Get Some Headspace
If you would love to incorporate meditation into your daily routine but have never set aside the time, we may have found the answer for you. Take 10 is a program that eases you into meditation with 10 minute sessions that you complete each morning. It’s as simple as getting up 10 minutes earlier – now who can’t do that.
It gets easier. These sessions are app based and can be downloaded from an organisation called Get Some Headspace. If you enjoy the sessions, you’re invited to progress further and pay a monthly or annual fee for the content (about $70 for the year). The meditations are guided by Andy Puddicome, who spent 10 years in Tibet as a Buddhist monk, and then returned to the UK inspired to make meditation acceptable, relevant and beneficial to as many people as possible. After downloading and completing the Take 10 sessions, we are hooked.
So the big question is – why should you consider meditation? Here are five reasons the Get Some Headspace team recommend meditation to help achieve your potential.
Stress
A study performed at Stanford University found that an eight-week mindfulness course reduced the reactivity of the amygdala gland in the brain and increased activity in areas of the prefrontal cortex that help regulate emotions, subsequently reducing stress.
While stress activates the ‘fight or flight’ part of our nervous system, mindfulness meditation activates the ‘rest and digest’ part of our nervous system, assisting stress management.
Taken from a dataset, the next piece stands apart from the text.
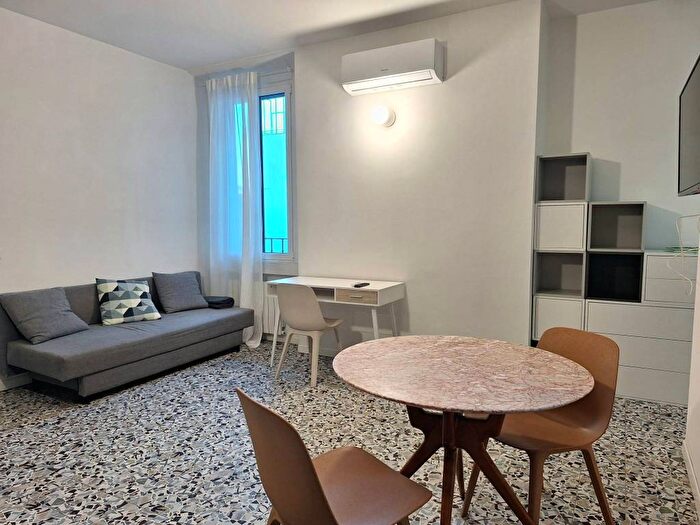 Appartamento bilocale in affitto in Via Valtellina, Farini, Milano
Our heart rate slows, our respiration slows and our blood pressure drops.
Anxiety and Worry
Scientists believe that our brains have evolved a ‘negativity bias’ – meaning we’re drawn to threats more than opportunities. We’re likely to detect negative information faster than positive information and generally have a background level of anxiety as our brain monitors the environment for possible threats.
Numerous scientific studies have found meditation for anxiety to be effective. For example, a study conducted by researchers at the University of Massachusetts Medical School taught mindfulness to a group of people with clinical levels of anxiety and found that 90 per cent experienced significant reductions in anxiety and depression.
Addiction
Why do we want naughty things? Basically because our ancestors who wanted naughty things were more likely to survive and reproduce in a harsh environment. For example, food – fatty, sugary food tastes great and high calorie food packs in loads of energy. Our ancestors who loved woolly mammoth fat were more likely to survive in harsh times when famine came, as they had excess energy stores. They survived, reproduced and spread their fat and sugar loving genes down to us.
Although rigorous research on meditation treatment for addictions is still in its infancy, the results show great promise for binge eating disorder, cigarette addiction and alcohol relapse prevention. It has even reduced marijuana and crack consumption in trained prison inmates.
Focus
Being able to focus and resist distraction is also linked with our ability to control our impulses, emotions and achieve long term goals. Learning to focus our mind is one of the most important things we can ever do. Whether we’re professional athletes, or just learning to play footy, a concert musician, or just learning to play the guitar, a surgeon, mathematician, builder – whatever our pursuit, our performance and ability to learn new things is dependent on our ability to focus.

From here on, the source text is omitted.